In deze film van Pablo Larraín speelt Angelina Jolie de rol van de beroemde operazangeres Maria Callas. Aan het einde van haar leven (in de jaren 70) woont Callas alleen in een luxueus appartement in Parijs. Dwalend tussen herinneringen en waanideeën, probeert ze haar stem terug te winnen om opnieuw op het podium te staan.
Regisseur Pablo Larraín zet na Jackie (2016) en Spencer (2021) met Maria opnieuw een vrouw in die haar stempel drukte op de 20ste eeuw in de spotlights. Met deze film waarin Angelina Jolie de laatste, getormenteerde dagen van Maria Callas speelt, is zijn biopic trilogie compleet.
De stem en het gezicht van operazangeres en actrice Callas staan aan de basis van onze opvattingen over sterrendom in de 21ste eeuw. In de film ontmoeten we haar in haar nadagen, als ze is gestopt met optreden maar haar stem probeert terug te winnen. Levend in een gouden kooi en verzorgd door haar kok en butler – geweldig vertolkt door Alba Rohrwacher en Pierfrancesco Favino – brengt Maria haar dagen door, gevangen in het schemergebied tussen heden en verleden, tussen herinneringen en hallucinaties.
Larraín en Jolie brengen de grootste momenten van Callas’ grandioze bestaan tot leven: van de ontberingen van de Tweede Wereldoorlog tot de toppen van haar roem – toen ze het icoon werd dat we vandaag de dag nog voor ogen hebben.
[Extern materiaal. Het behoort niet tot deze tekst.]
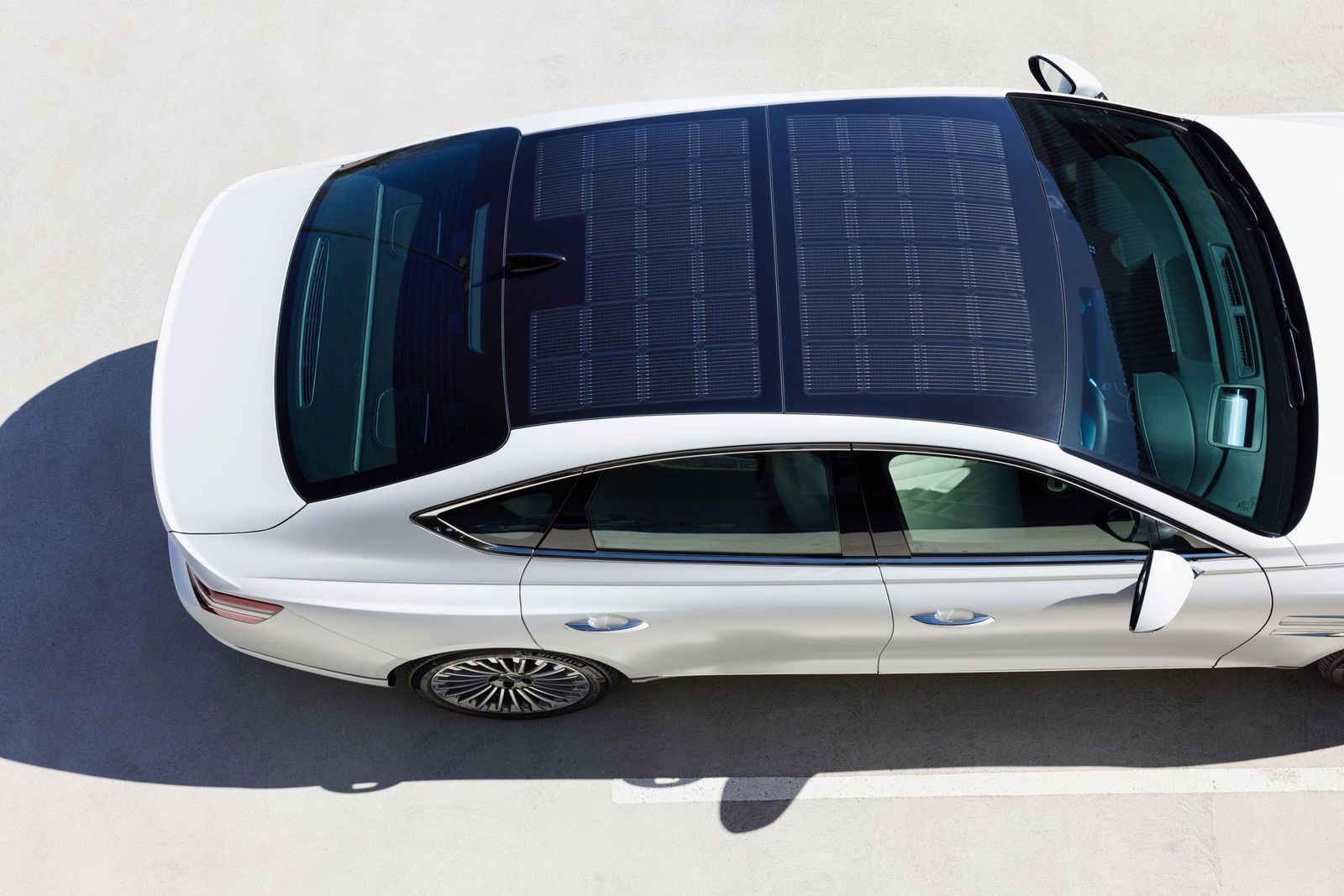 Genesis G80 EV's solar-panel roof adds 1100km range per year, brand claims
Maar zelfs in Maria‘s meest uitbundige en glamoureuze momenten ligt de echte schoonheid in haar veerkracht, haar intelligentie en haar vermogen om als artiest uit te stijgen boven een wereld vol hebzuchtige aasgieren.
Uiteindelijk vertolkt Jolie Callas met zo’n intense passie dat het resultaat veel meer is dan een portret, het is een gesprek tussen twee tijdloze artiesten.